Thus, Justice Brennan pointed out that "[t]he
inevitable discovery exception necessarily implicates a
hypothetical finding that differs in kind from the factual finding
that precedes application of the independent source rule." Because
of this distinction, Justice Brennan would have required the
prosecution to satisfy a heightened burden of proof before allowing
evidence to be admitted under the "inevitable discovery"exception
to the exclusionary rule. He explained:
To ensure that this hypothetical
finding is narrowly confined to circumstances that are functionally
equivalent to an independent source, and to protect fully the
fundamental rights served by the exclusionary rule, I would require
clear and convincing evidence before concluding that the government
had met its burden of proof on this issue. Increasing the burden
of proof serves to impress the factfinder with the importance of
the decision and thereby reduces the risk that illegally obtained
evidence will be admitted.
Id. at 906-07 (citations omitted) (emphasis in original).

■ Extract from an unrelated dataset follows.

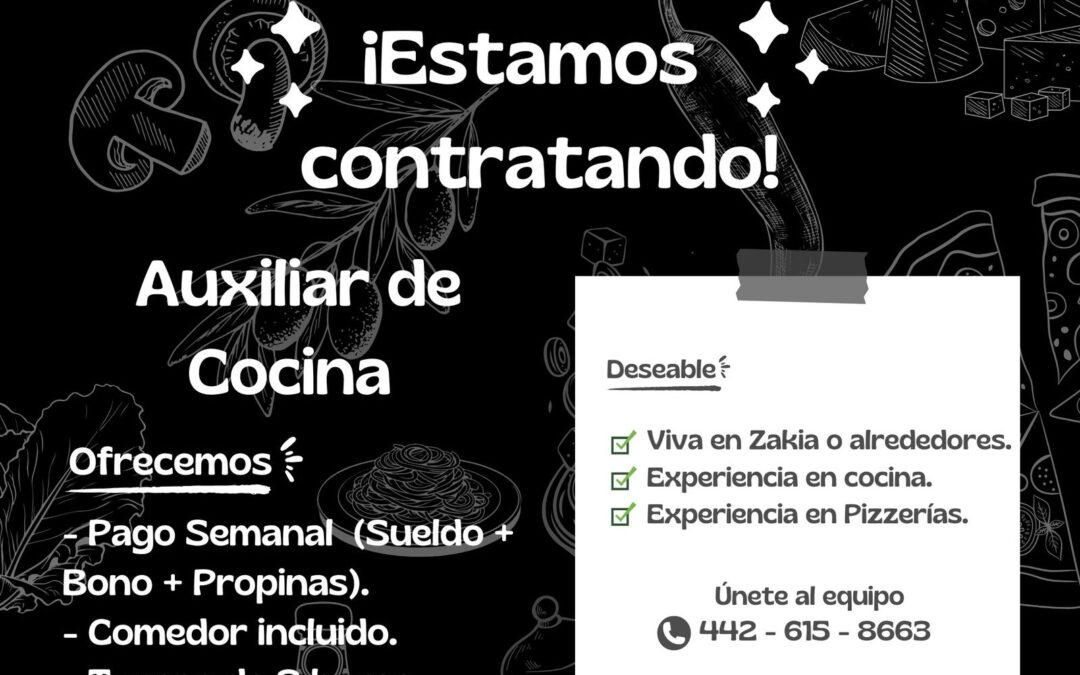 Morató, Oferta de Empleo, Auxiliar de Cocina
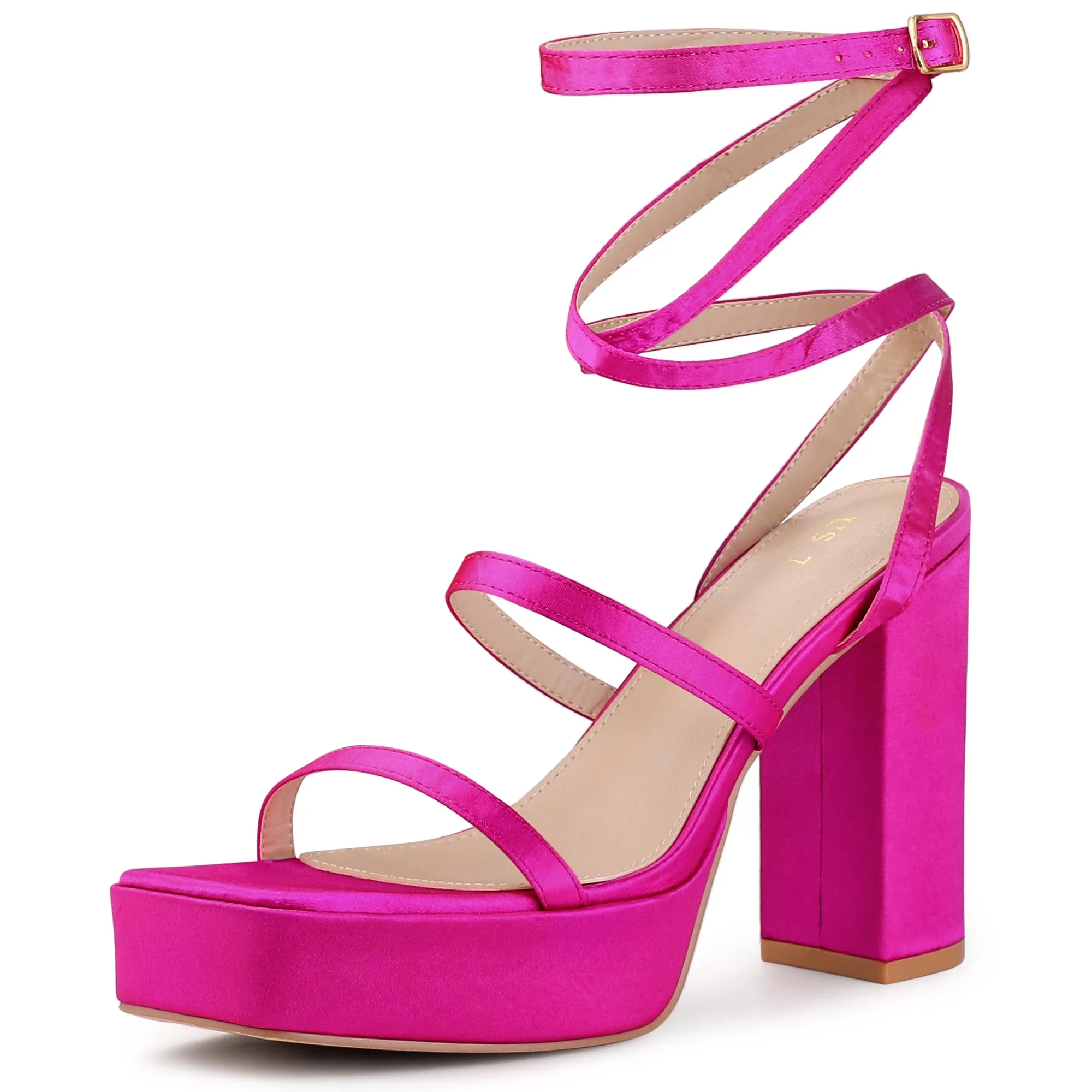 Women's Wrap Up Open Toe Platform Buckle Chunky High Heel Sandals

Also taking the view that proof at least as strong as the
clear and convincing standard is required are the Supreme Courts of
North Carolina, State v. Garner, 417 S.E.2d 502, 506 (N.C. 1992)
(applying clear and convincing standard), and Massachusetts,
Commonwealth v. O'Connor, 546 N.E.2d 336, 339 (Mass. 1989) (holding
that inevitability must be "certain as a practical matter"); see
also R. Bradley Lamberth, The Inevitable Discovery Doctrine:
Procedural Safeguards to Ensure Inevitability, 40 Baylor L. Rev.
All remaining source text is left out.